Quantity and quality, generally speaking, are mutually exclusive. Mass popularity usually does not mean critically acclaimed—David Letterman never got the highest ratings, OutKast never sold the most records. The Venn diagram of things with mainstream popularity and considered best in class overlap but a sliver.
It is my humble opinion that KFC’s coleslaw resides within that overlap.
I cannot find figures verifying KFC serves America’s most-consumed coleslaw, but I venture to guess our nation’s 13th largest chain restaurant can stake a claim. As for its deliciousness? Subjectively, I believe I have a strong argument.
One reason is the mediocrity of all others of its ilk: Every plastic cup of coleslaw served alongside a sandwich box lunch has been, in a word, unmemorable, to the point I now usually discard it by muscle memory. Many of these coleslaws taste incongruous, meaning the cabbage and dressing never achieve synergy. Cabbage is a tough ol’ veg, requiring much acid to break it down from its roughage state. I don’t believe most cooks give the cabbage as fine a shred as it necessitates, which is why to me most coleslaw might as well be rabbit food.
(Caveat: Coleslaw in the context of pulled pork sandwiches is reliably good. If you’ve never had coleslaw and smoked pork in the eastern part of North Carolina, that experience is highly recommended.)
KFC gets coleslaw right by chopping its cabbage, carrots, and onions almost to a mince, but not so fine that all semblance of texture disappears. There’s still enough crunch, but its corners rounded with the creamy smooth dressing of mayonnaise and vinegar (distilled, corn, and apple cider). Even though it doesn’t list it among its ingredients (and none of the copycat recipes feature it), there’s the briefest suggestion of horseradish—a high-in-the-nose mustardiness—that I really enjoy in KFC coleslaw.
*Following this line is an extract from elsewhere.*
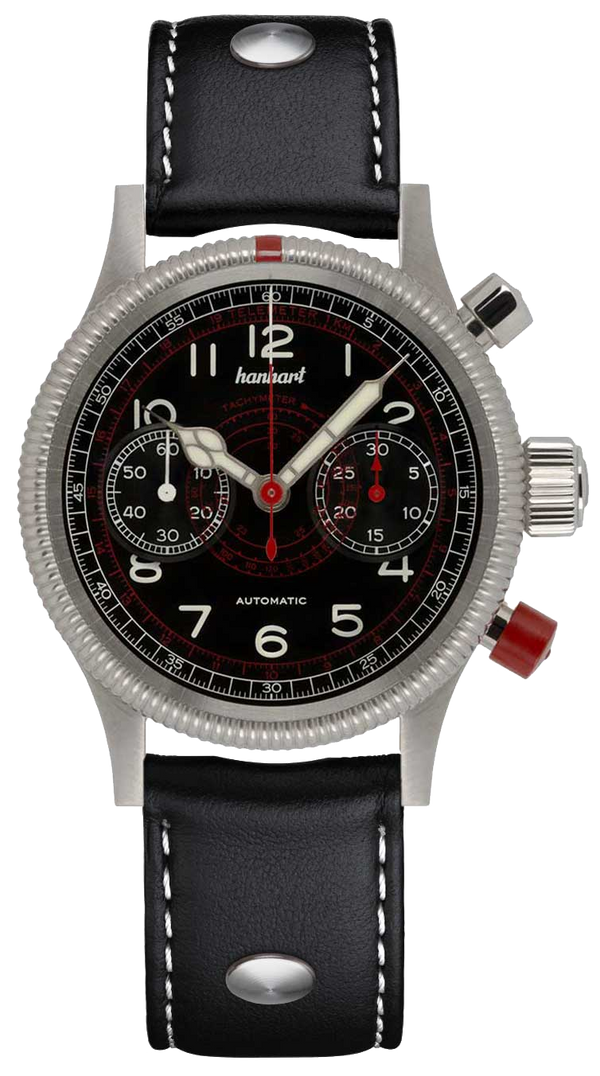 Hanhart Pioneer TachyTele Black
Nostalgia plays a big part of it. It was the first coleslaw in my life, and perhaps all coleslaws are unfairly judged against it. But all these years later, and many inferior coleslaws with superfluous blackcurrants and kohlrabi-variations behind me, I still stand by the fact KFC remains the gold standard of coleslaw. It’s uncomplicated, it’s bare bones, it’s great on a warm biscuit, and the leftover dressing is most excellent to slather over your chicken.